Through the Screening of "Looking for My Mother" and the Broadcast of the Engaged Clip "Mchiti w Khalitini", Enda Inter-Arabe Offers a Meeting Where the Intimate Meets the Collective
A work born from a life experience that questions abandonment, identity search, and affirms the citizen role of art as a space of resilience and social transformation.
The Press — There are works that do not arise from a simple artistic impulse, but from an intimate flaw. Works that carry within them a wound, a quest, a restrained cry.
The screening of the documentary "Looking for My Mother", followed by the broadcast of the engaged clip "Mchiti w Khalitini", falls within this rare dimension where art becomes both testimony, reparation, and civic act.
A Moment of Collective Reflection
On Friday, February 13th at 4:00 PM, at the Espace El Kahina, Enda Inter-Arabe proposes more than a screening session: a moment of collective reflection on abandonment, childhood, and the search for origins. Directed by Anis Lassoued, the documentary retraces the intimate journey of Moez Chriti, a young artist in search of his biological mother. A personal quest that goes beyond individual narrative to question social silences, stigmas, and norms surrounding abandonment.
From Suffering to Creative Force
From this journey was born "Mchiti w Khalitini" (You left and you left me), a clip carried by Moez Chriti and Haroun Hamza. Far from a simple musical project, the work imposes itself as the culmination of a path of resilience. Each note, each image carries the memory of an absence transformed into creative force. Supported by Enda Inter-Arabe, this creation testifies to the ability of art to metamorphose pain into public speech.
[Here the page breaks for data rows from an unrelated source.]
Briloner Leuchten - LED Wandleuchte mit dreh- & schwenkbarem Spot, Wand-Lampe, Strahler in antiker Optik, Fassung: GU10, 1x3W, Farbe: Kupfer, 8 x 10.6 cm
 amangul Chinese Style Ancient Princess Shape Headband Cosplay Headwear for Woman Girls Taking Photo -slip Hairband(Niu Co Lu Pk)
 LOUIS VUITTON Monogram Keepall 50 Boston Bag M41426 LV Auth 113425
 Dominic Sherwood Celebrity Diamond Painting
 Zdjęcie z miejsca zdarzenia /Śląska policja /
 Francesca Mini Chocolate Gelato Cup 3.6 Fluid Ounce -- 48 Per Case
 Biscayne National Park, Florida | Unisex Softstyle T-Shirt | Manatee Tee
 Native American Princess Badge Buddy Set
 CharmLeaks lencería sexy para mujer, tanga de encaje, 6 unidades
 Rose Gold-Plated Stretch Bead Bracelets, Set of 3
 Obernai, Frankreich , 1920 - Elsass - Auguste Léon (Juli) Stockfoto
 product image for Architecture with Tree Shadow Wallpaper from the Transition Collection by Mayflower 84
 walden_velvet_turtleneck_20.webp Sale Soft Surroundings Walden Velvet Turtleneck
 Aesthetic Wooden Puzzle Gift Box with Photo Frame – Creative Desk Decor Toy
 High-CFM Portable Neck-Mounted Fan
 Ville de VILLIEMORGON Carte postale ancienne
A Complete Reading of the Process
By showing the documentary first, then the clip as an artistic extension of this story, the event proposes a complete reading of the process: from lived experience to its aesthetic transfiguration. Art appears as a space of reconstruction, but also as a tool for social questioning.
Interactive Debate
The meeting, open to the public and particularly to journalists, producers, cultural actors, and opinion leaders, will continue with an interactive debate in the presence of Moez Chriti and filmmaker Anis Lassoued. The exchanges will focus on the weight of social norms related to abandonment, identity search, the need for recognition, but also on the civic responsibility of artistic creation. How can art break the silence? How can it transform looks and open spaces of empathy?
Culture as a Lever of Emancipation
Through this initiative, Enda Inter-Arabe reaffirms its conviction that culture is not a luxury, but a lever of emancipation. By accompanying fragile life trajectories and offering them a space of expression, the organization reminds us that commitment can take the form of a film, a song, a testimony — and that creation, when it is nourished by reality, becomes a profoundly political act in the noble sense of the term: that which connects the individual to the city.